[Data entries]
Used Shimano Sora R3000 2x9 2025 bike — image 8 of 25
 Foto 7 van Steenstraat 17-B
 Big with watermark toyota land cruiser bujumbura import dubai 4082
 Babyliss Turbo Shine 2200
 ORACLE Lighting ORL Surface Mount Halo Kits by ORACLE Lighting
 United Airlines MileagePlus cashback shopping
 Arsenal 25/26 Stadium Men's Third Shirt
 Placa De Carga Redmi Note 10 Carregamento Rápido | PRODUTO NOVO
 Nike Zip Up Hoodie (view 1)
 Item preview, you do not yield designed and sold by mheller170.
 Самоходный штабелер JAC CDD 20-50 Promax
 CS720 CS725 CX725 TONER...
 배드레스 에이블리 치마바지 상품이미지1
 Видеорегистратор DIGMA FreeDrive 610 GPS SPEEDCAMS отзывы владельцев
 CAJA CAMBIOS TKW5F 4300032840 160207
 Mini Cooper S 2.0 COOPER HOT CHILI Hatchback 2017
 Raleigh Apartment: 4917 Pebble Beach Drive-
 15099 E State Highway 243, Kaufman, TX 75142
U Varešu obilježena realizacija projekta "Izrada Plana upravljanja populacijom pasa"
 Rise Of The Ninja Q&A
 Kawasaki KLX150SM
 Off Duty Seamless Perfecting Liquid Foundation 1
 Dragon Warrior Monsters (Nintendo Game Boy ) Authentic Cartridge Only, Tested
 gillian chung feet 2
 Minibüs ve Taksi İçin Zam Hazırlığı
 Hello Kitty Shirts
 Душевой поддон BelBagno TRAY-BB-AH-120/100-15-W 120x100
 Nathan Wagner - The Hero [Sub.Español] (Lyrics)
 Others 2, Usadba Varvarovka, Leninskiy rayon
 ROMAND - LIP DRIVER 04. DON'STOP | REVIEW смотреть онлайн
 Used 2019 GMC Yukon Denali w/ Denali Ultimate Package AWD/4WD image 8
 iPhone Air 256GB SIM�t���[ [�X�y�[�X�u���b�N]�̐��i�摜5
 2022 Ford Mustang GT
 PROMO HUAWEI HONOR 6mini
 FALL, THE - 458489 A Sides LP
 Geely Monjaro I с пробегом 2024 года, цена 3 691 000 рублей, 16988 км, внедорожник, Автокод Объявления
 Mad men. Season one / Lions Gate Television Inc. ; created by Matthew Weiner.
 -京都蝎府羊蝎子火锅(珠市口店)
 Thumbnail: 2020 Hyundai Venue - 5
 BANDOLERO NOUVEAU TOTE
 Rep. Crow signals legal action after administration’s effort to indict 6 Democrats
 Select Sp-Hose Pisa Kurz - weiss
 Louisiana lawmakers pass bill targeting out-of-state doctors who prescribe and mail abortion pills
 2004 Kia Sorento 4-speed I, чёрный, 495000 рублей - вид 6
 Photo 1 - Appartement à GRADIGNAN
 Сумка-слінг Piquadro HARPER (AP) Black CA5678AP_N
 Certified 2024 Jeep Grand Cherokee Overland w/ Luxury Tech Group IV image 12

:: What you should do ::
Where the line containing "Душевой поддон BelBagno" appears in the data above, begin there and reproduce every line to the end exactly; include nothing else.

:: Result ::
 Душевой поддон BelBagno TRAY-BB-AH-120/100-15-W 120x100
 Nathan Wagner - The Hero [Sub.Español] (Lyrics)
 Others 2, Usadba Varvarovka, Leninskiy rayon
 ROMAND - LIP DRIVER 04. DON'STOP | REVIEW смотреть онлайн
 Used 2019 GMC Yukon Denali w/ Denali Ultimate Package AWD/4WD image 8
 iPhone Air 256GB SIM�t���[ [�X�y�[�X�u���b�N]�̐��i�摜5
 2022 Ford Mustang GT
 PROMO HUAWEI HONOR 6mini
 FALL, THE - 458489 A Sides LP
 Geely Monjaro I с пробегом 2024 года, цена 3 691 000 рублей, 16988 км, внедорожник, Автокод Объявления
 Mad men. Season one / Lions Gate Television Inc. ; created by Matthew Weiner.
 -京都蝎府羊蝎子火锅(珠市口店)
 Thumbnail: 2020 Hyundai Venue - 5
 BANDOLERO NOUVEAU TOTE
 Rep. Crow signals legal action after administration’s effort to indict 6 Democrats
 Select Sp-Hose Pisa Kurz - weiss
 Louisiana lawmakers pass bill targeting out-of-state doctors who prescribe and mail abortion pills
 2004 Kia Sorento 4-speed I, чёрный, 495000 рублей - вид 6
 Photo 1 - Appartement à GRADIGNAN
 Сумка-слінг Piquadro HARPER (AP) Black CA5678AP_N
 Certified 2024 Jeep Grand Cherokee Overland w/ Luxury Tech Group IV image 12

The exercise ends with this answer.